### What needs to be done
The answer must be only the lines below from the one holding "Transilvanians - Soulful Space - LP" down to the one holding "Cat Dog Dress", ends included, printed exactly; please omit all pictures.

*** Dataset entries ***

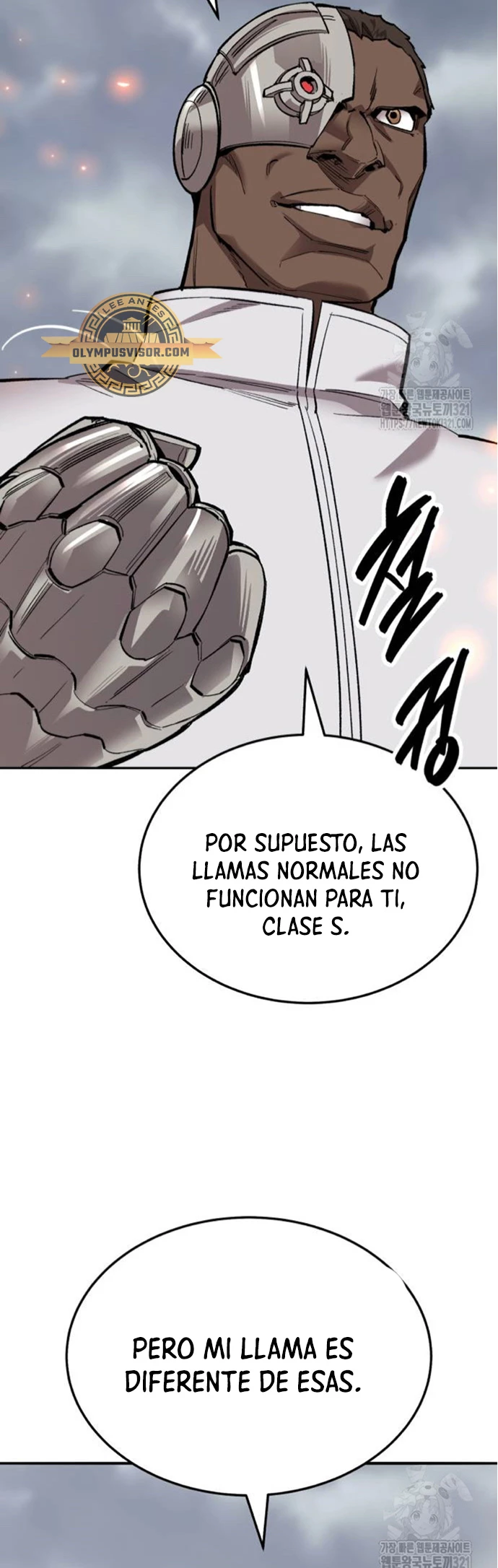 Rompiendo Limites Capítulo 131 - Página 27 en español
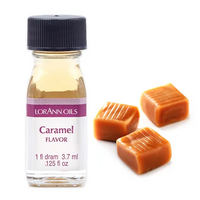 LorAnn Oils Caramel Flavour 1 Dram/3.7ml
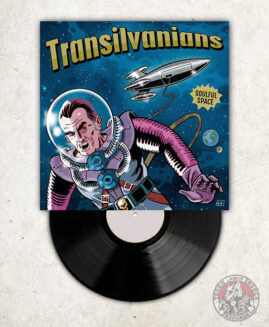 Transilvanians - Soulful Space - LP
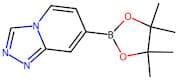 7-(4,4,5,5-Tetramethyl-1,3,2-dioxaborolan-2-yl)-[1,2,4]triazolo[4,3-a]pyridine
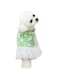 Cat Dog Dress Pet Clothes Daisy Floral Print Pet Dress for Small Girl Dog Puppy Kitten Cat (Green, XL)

*** End of Dataset entries ***
*** Dataset entries ***

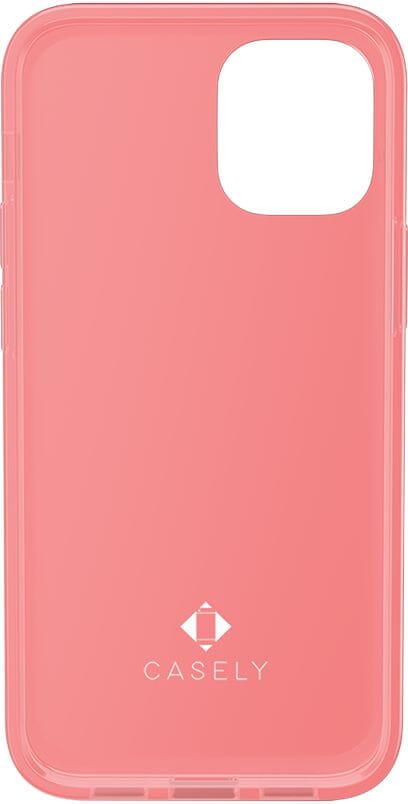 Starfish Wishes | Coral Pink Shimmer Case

*** End of Dataset entries ***
*** Dataset entries ***

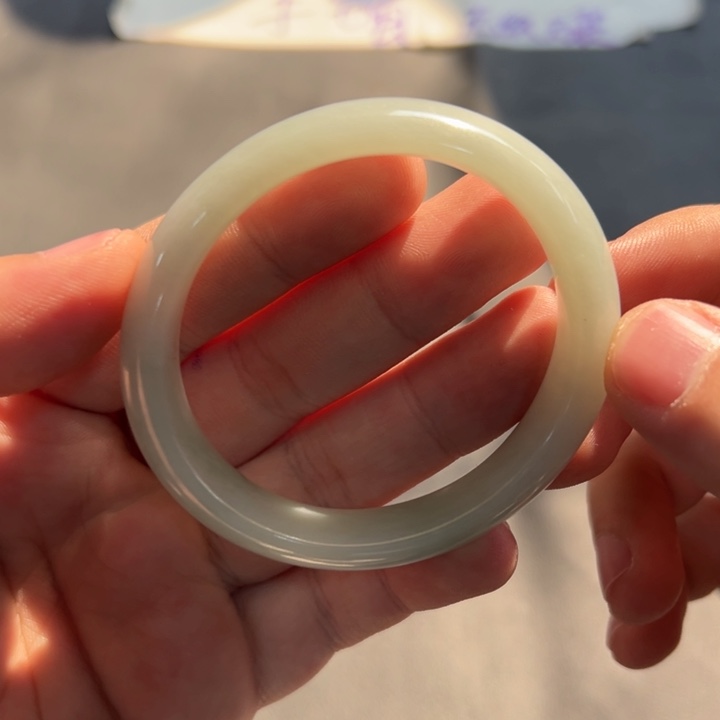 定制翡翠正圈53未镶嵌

*** End of Dataset entries ***

### Solution below
 Transilvanians - Soulful Space - LP
 7-(4,4,5,5-Tetramethyl-1,3,2-dioxaborolan-2-yl)-[1,2,4]triazolo[4,3-a]pyridine
 Cat Dog Dress Pet Clothes Daisy Floral Print Pet Dress for Small Girl Dog Puppy Kitten Cat (Green, XL)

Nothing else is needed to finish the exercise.